What to work on - Copy exactly and only the lines running from the one that contains "Night Sky Star" to the final line of the data below, without the pictures.

Captioned web image data -
::::
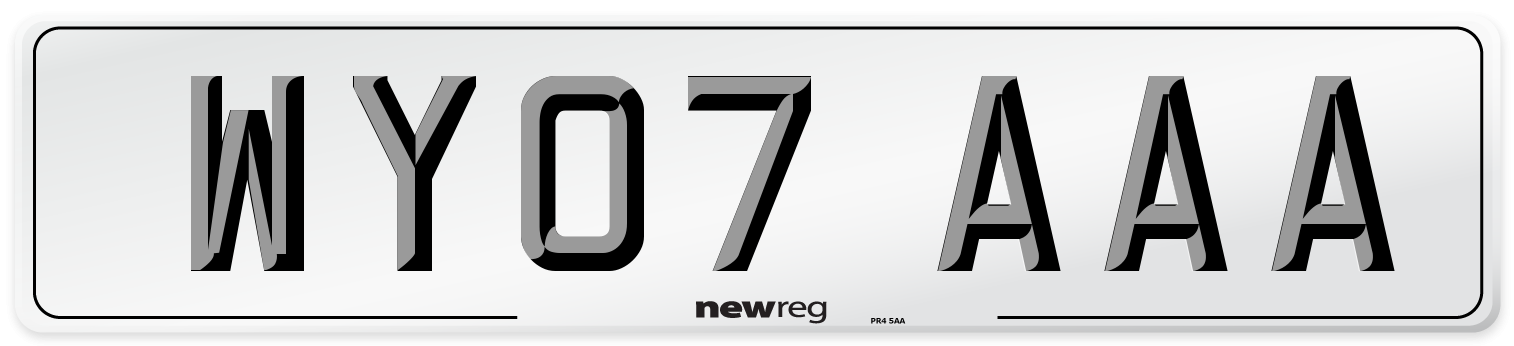 WY07 AAA Number Plate from New Reg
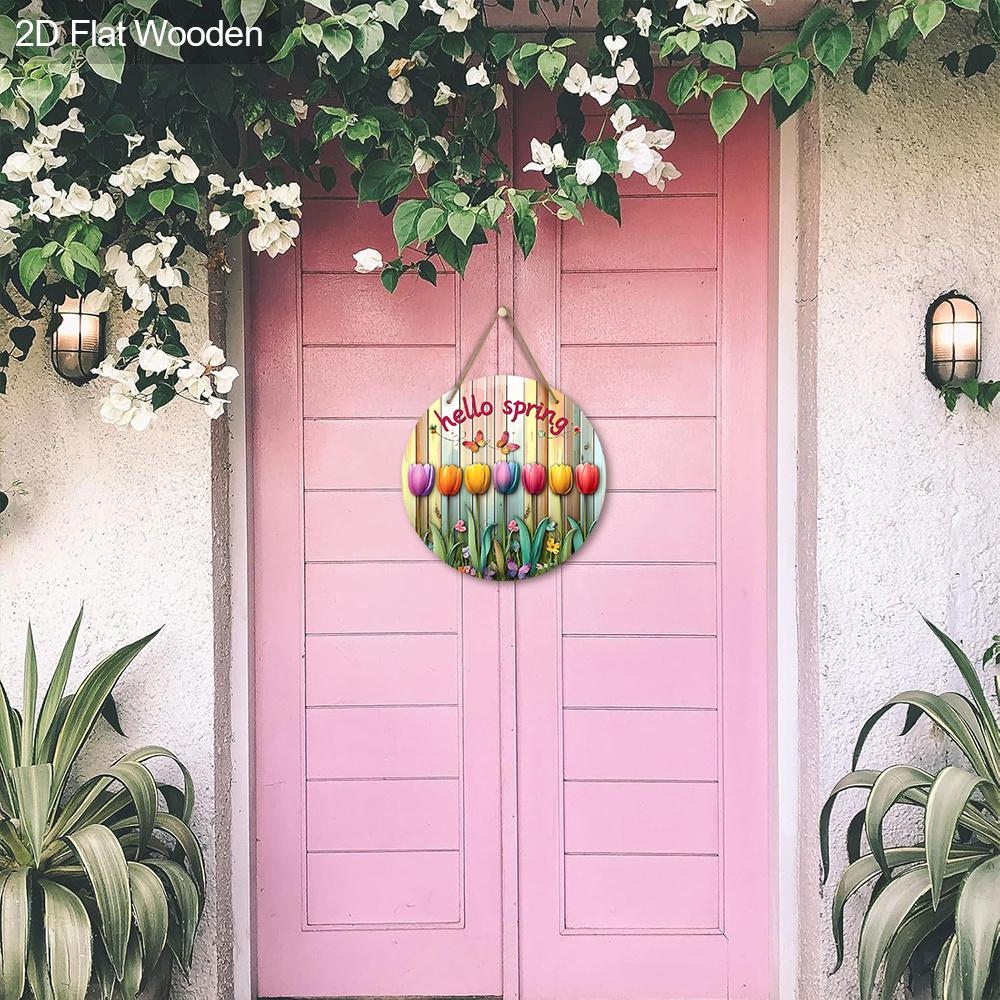 2D Flat, 1pc Hello Spring Colorful Tulip Wooden Hanging Sign Spring Party Ornament Perfect for Home Wall and Entry Door Decoration Garden Decoration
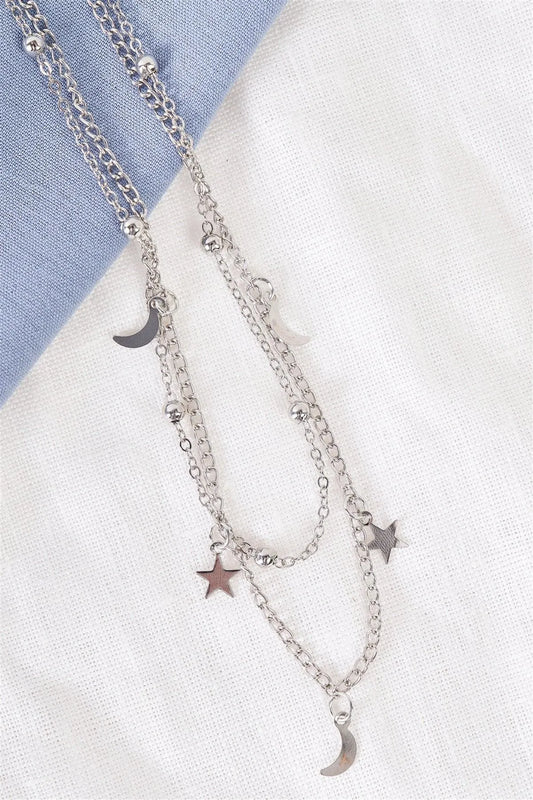 Night Sky Star Moon Silver Beaded Double Chocker Necklace - Tasha Apparel Wholesale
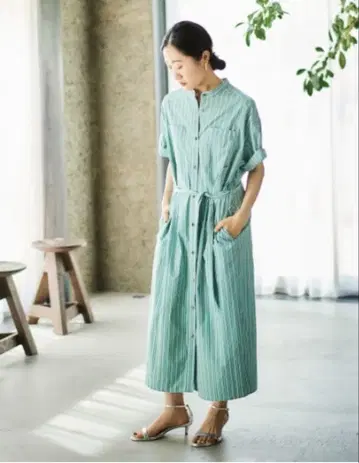 스카이블루 스트라이프 셔츠 원피스 반팔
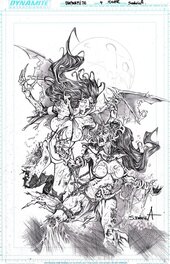 Sergio Dávila - Die!Namite #4 Variant Cover - Zombie Vampirella vs. Zombie Dejah Thoris Original Art Dynamite Entertainment - Original Cover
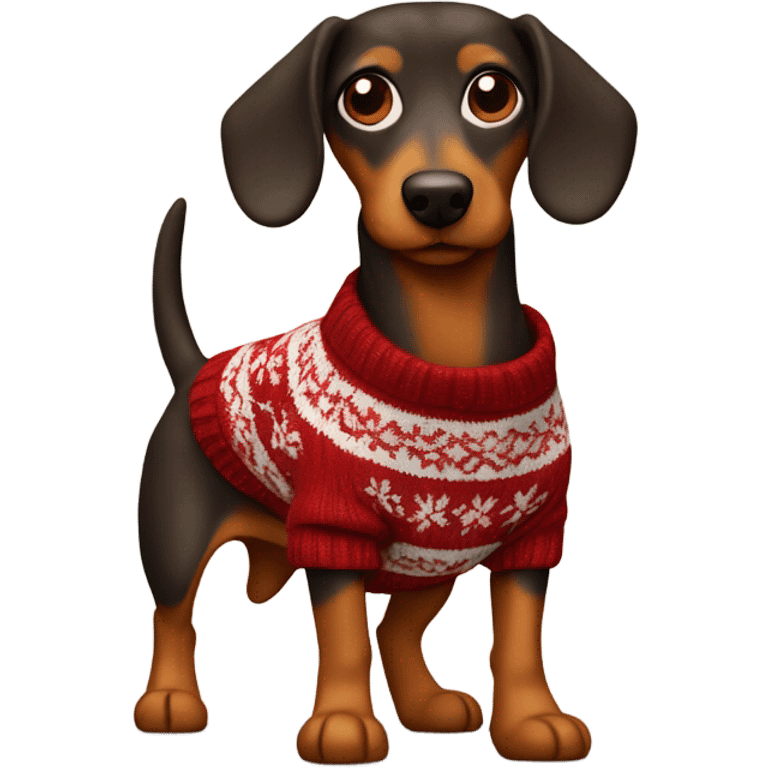 Teckel dog with a sweater  emoji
::::
Answer -
 Night Sky Star Moon Silver Beaded Double Chocker Necklace - Tasha Apparel Wholesale
 스카이블루 스트라이프 셔츠 원피스 반팔
 Sergio Dávila - Die!Namite #4 Variant Cover - Zombie Vampirella vs. Zombie Dejah Thoris Original Art Dynamite Entertainment - Original Cover
 Teckel dog with a sweater  emoji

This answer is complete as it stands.